• EXERCISE PROMPT:
Lines with "waves": pull these out of the listing below.

=====

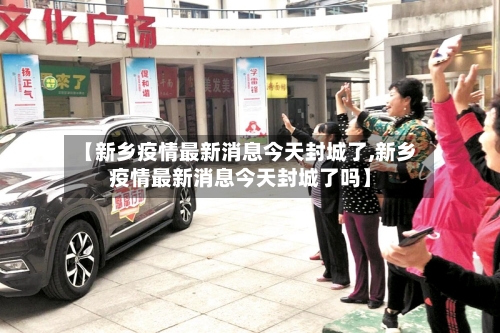 【新乡疫情最新消息今天封城了,新乡疫情最新消息今天封城了吗】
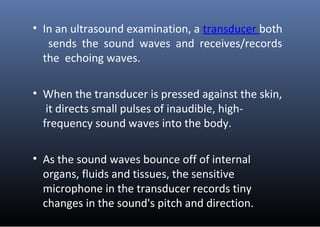 • In an ultrasound examination, a transducer both
sends the sound waves and receives/records
the echoing waves.
• When the...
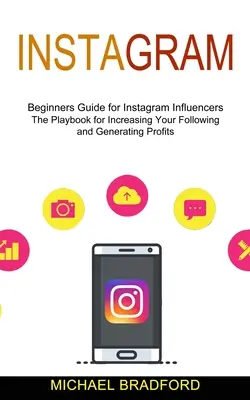 Instagram: Anfängerleitfaden für Instagram-Influencer (Das Spielbuch für die Vergrößerung Ihrer Anhängerschaft und die Generierung von Gewinnen) - Instagram: Beginners Guide for Instagram Influencers (The Playbook for Increasing Your Following and Generating Profits)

=====

• ANSWER TO THIS TASK:
sends the sound waves and receives/records
the echoing waves.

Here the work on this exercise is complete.